Assim, mesmo desconhecendo o conteúdo de proteínas, vitaminas e sais minerais dos produtos alimentares, a mulher utiliza seu aprendizado sobre o seu preparo, repassado através de gerações, para improvisar arranjos nutricionais durante a seca, embora tenha a consciência de que a refeição não está balanceada em vista da reduzida diversificação e da quantidade dos itens disponíveis. O seguinte depoimento, que simboliza o sentimento de praticamente todas as entrevistadas, versa sobre os arranjos alimentares improvisados pela mulher em época de estiagem:

pobre O alimento é fraco na seca, mas pobre come tudo. Quando a gente pega em dinheiro, nós faz a feira. Feira assim... porque gente fraco não faz feira. Compra 10 quilos de açúcar e 10 quilos de feijão pra 15 dias. Compro o carioquinha, que rende mais. Cozinho o feijão de manhã, e 11 horas a gente come os caroços do feijão com "cusculho". Deixo o caldo do feijão pra noite. Aí, eu tempero aquele caldo com uma cebola e alho e coloco um pouco de "cusculho", e assim a gente vive. De manhã, é só café com açúcar, quando tem, porque café tá muito caro. Hoje não tinha café em casa. Alguém deu café e açúcar a ele lá pela rua [o marido, que estava junto, envergonhado repreende: eu comprei fiado]. Mesa de é desigual (entrevistada residente no município de Patos).
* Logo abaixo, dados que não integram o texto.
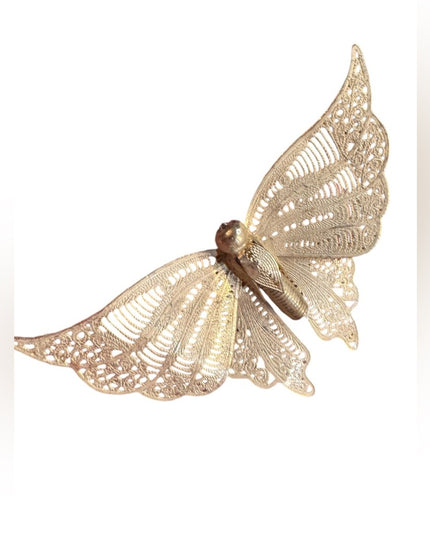 Gold Filigree vintage  filagree Butterfly Brooch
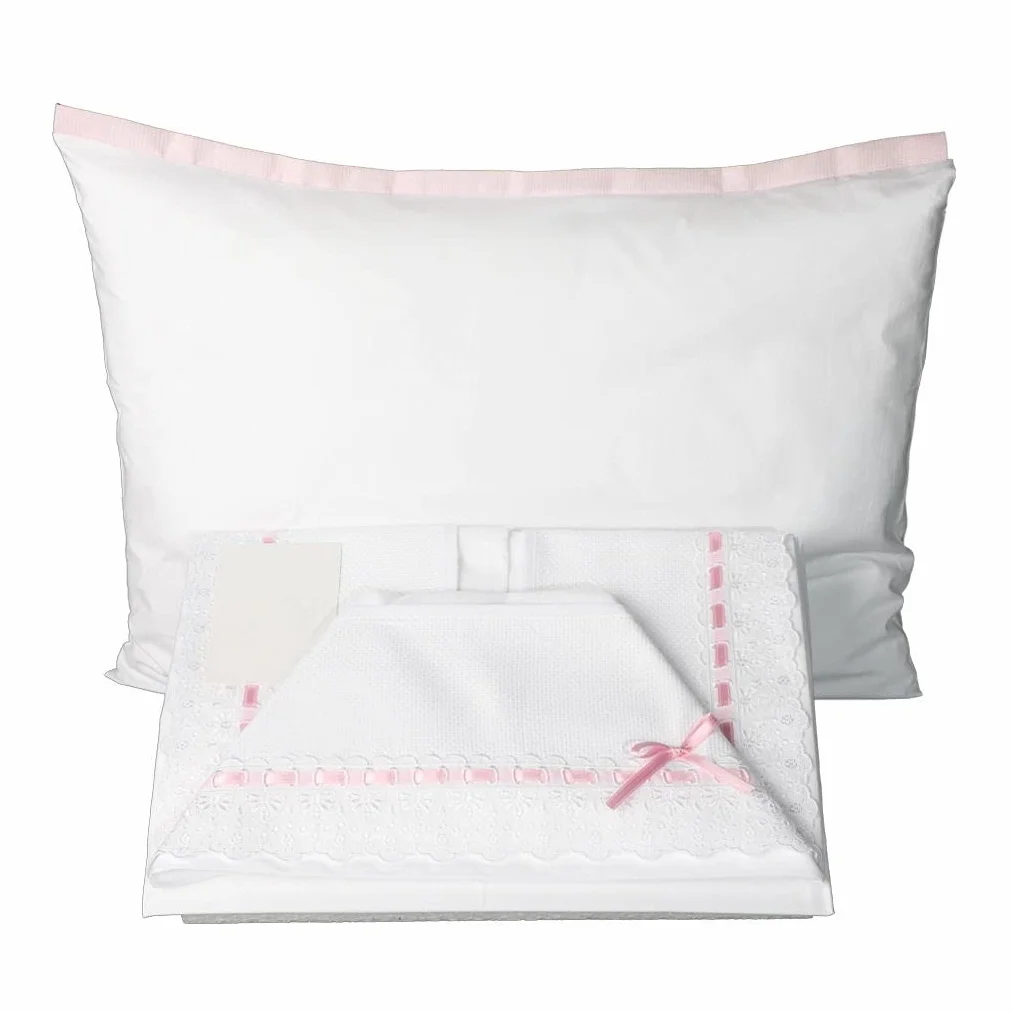 Ruoccohome Lenzuolino Culla Lettino Neonato Set 3Pz. da Ricamare tela Aida Regalo Bimbi Coordinato Completo 100% Puro Cotone Rosa | Made in Italy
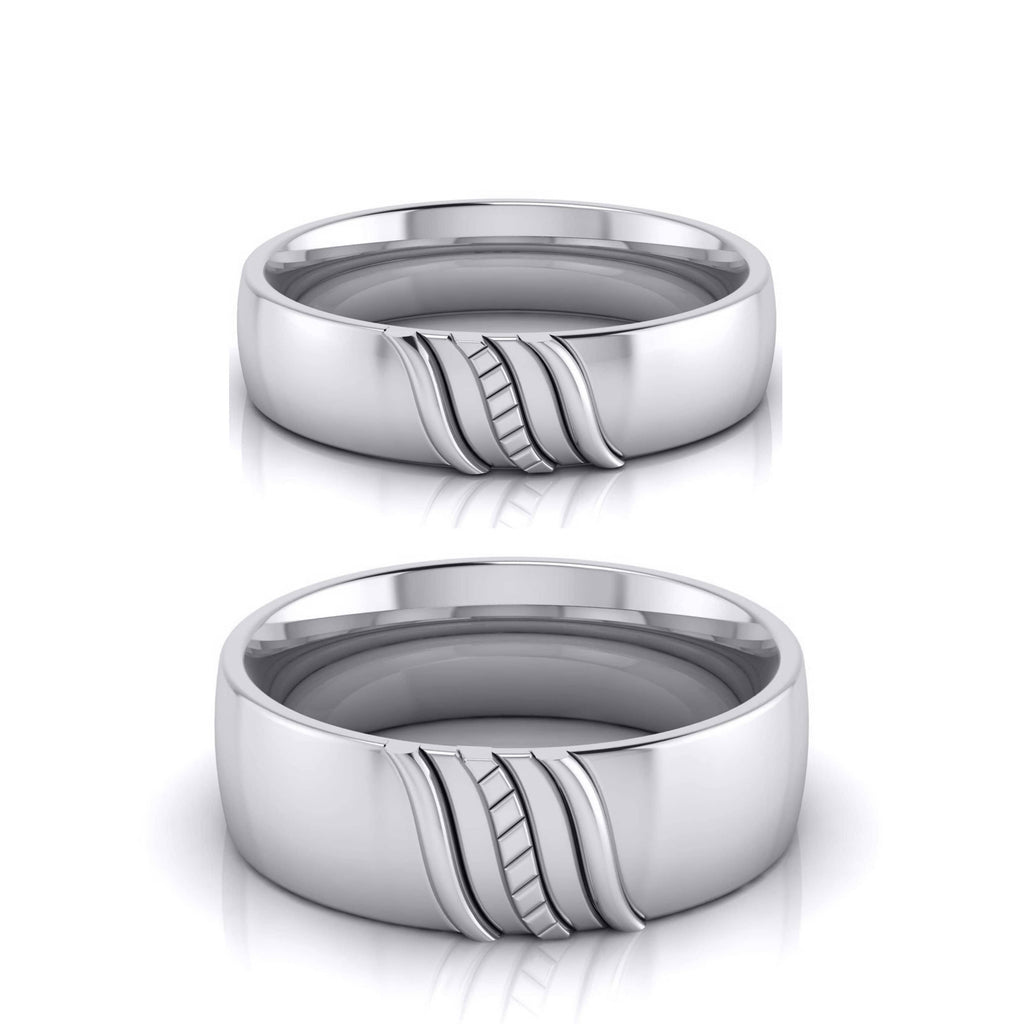 Jewelove™ Rings Both Platinum Couple Love Bands JL PT CB-7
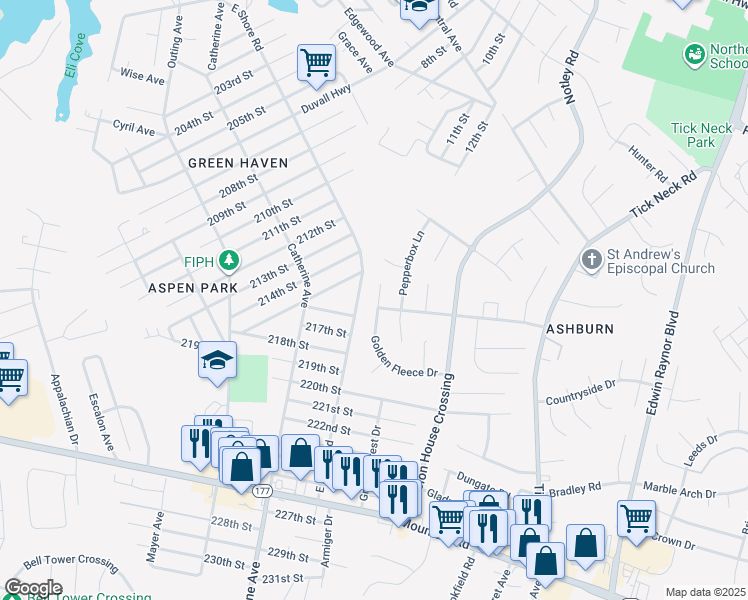 map of restaurants, bars, coffee shops, grocery stores, and more near 2910 Golden Fleece Drive in Pasadena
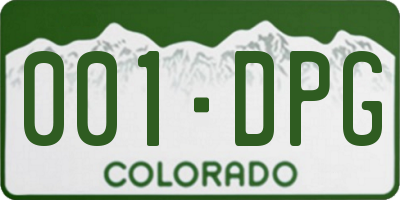 CO license plate 001DPG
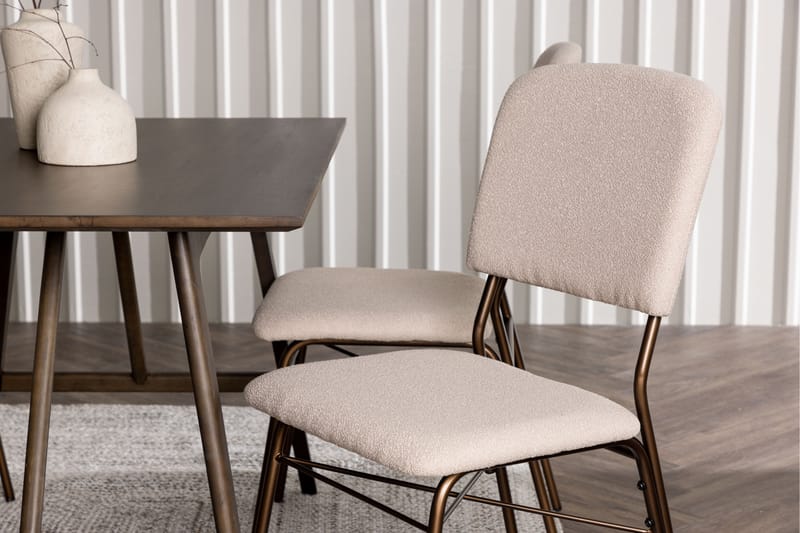 Kaseidon Spisegruppe 120 cm Rektangulær med 4 Seda Stoler - Beige - Møbler - Bord - Spisegrupper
Esses arranjos alimentares são, por vezes, improvisados com os gêneros da cesta básica doada pelo governo através do Programa de Emergência e que, ao todo, contém 19 quilos assim distribuídos: 5 de arroz, 5 de fubá, 2 de farinha, 1 de açúcar, 4 pacotes de macarrão e 2 latas de óleo vegetal. A mulher poupa as iguarias recebidas, de tal forma que duram, em média, 15 dias, se complementadas com as compras feitas com o salário de R$ 80,00 (exceto no estado do Piauí, onde é de R$ 60,00), pago pelo governo, a título de emergência, às famílias atingidas pela seca. Apesar da má qualidade dos alimentos da cesta básica, conforme destacam praticamente todas as entrevistadas (o fubá é ruim, o feijão vinha duro (foi substituído pelo fubá) e a farinha não presta), a família se mantém num patamar mínimo de sobrevivência alimentar durante um mês. A situação torna-se mais crítica quando aquele salário sofre atrasos, o que ocorre com freqüência, prejudicando aquelas fragilizadas famílias, que ficam sem ter a quem recorrer para conseguir qualquer tipo de alimento. Os comerciantes da localidade não vendem fiado a esses trabalhadores, devido aos freqüentes atrasos nos pagamentos da Frente de Emergência, o que contribui para descontrolar ainda mais seu limitado orçamento familiar. Diante de tal realidade, a fome absoluta ameaça intermitentemente o cotidiano dos atingidos pela seca.